Hear that siren? That’s the sound of Washington Post’s morality police pulling up to shame bachelors for holding their potential spouses to any standard whatsoever. The outlet wrote a praising piece of the latest episode of The Bachelorette in which Hannah Brown rebuked suitor Luke for being dissapointed that she was having sex with some of the other contestants. What a sicko, eh?
Washington Post called it a “rare moment of sex-positivity.”
On Monday July 15’s episode of ABC's The Bachelorette, the drama was palpable between Hannah Brown, the star of the show and object of thirty contestants’ affection, including Christian contestant Luke. During their one-on-one date, Hannah felt shamed by Luke’s questioning of her sexual behavior, during which he expressed that he would be turned off he found out that she was getting intimate with the other three contestants before choosing one of the men.
Luke, from Georgia, had described himself as a man who had a “religious re-awakening.” He affirmed that “God spoke to him” one day, prompting him to re-evaluate his life, and commit to abstaining from sex “for the past four years” in order to save “himself for marriage.”
“I am very confident that we’re on the same page with our morals. And I just — I want to hear it from your mouth,” He said. “I just want to make sure you’re not going to be sexually intimate with the other relationships here.”

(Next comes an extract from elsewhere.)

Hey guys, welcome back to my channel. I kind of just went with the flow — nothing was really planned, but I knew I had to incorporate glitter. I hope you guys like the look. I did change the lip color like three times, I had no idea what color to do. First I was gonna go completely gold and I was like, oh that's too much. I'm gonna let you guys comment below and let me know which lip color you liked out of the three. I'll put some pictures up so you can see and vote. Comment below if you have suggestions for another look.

But for Hannah and The Washington Post, the fact that he was looking for this kind of moral commitment in a partner made Luke the epitome of toxic masculinity. Ms. Brown rebuked him, saying, “Some of the things that you said, like, I don’t agree with at all. And honestly, I’m kind of mad, because the way that you just said that. It’s like, why do you have the right to do that? Because, you’re not my husband.”
“You’re questioning me, you’re judging me and feel like you have the right to when you don’t at this point,” Hannah protested. And when Luke told her she was misunderstanding him, The Washington Post piece characterized it as “gaslighting technique that he’s fond of using.”

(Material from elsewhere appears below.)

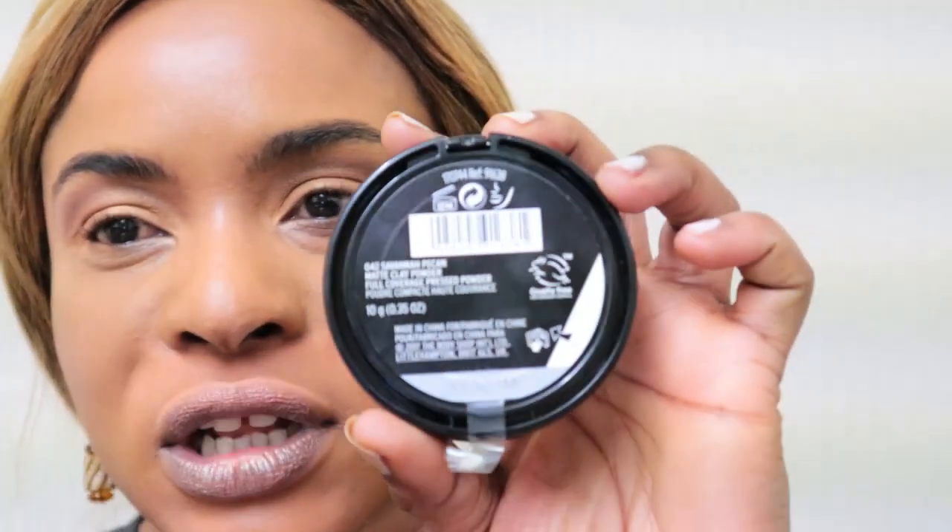Okay, now I'm going to put a quick powder on and then move on to the final look. The powder I'm using to finish the look is the Body Shop Savannah Pecan Matte Clay Powder — full coverage pressed powder. This is actually the first time I'm using a Body Shop makeup product, so wish me luck!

The Post also employed a doozy of a line to describe Brown’s indignant protest; that she was “suddenly realizing that she had been willing to overlook the many red flags of a man who would break up with her if she didn’t fit his definition of morality.” Ah yes, moral standards are the clearest signals that it’s time to jump ship.
To the joy of the outlet, Hannah even invoked the moral example of Jesus Christ to wipe away all the slut shaming. “And Jesus is there, and he’s like, ‘You without sin throw the first stone?’ What you just did was, you’re holding your stone up at me and asking and trying to see what I’ve done,” she said, adding later, “I have had sex … Yeah. And Jesus still loves me.”
Of course Jesus loves Hannah Brown, and we’re not here to dump on her life choices. Our problem is the Washington Post shaming Luke and his moral concerns as “disastrous,” while her more liberal conduct is positive. The world turned upside down.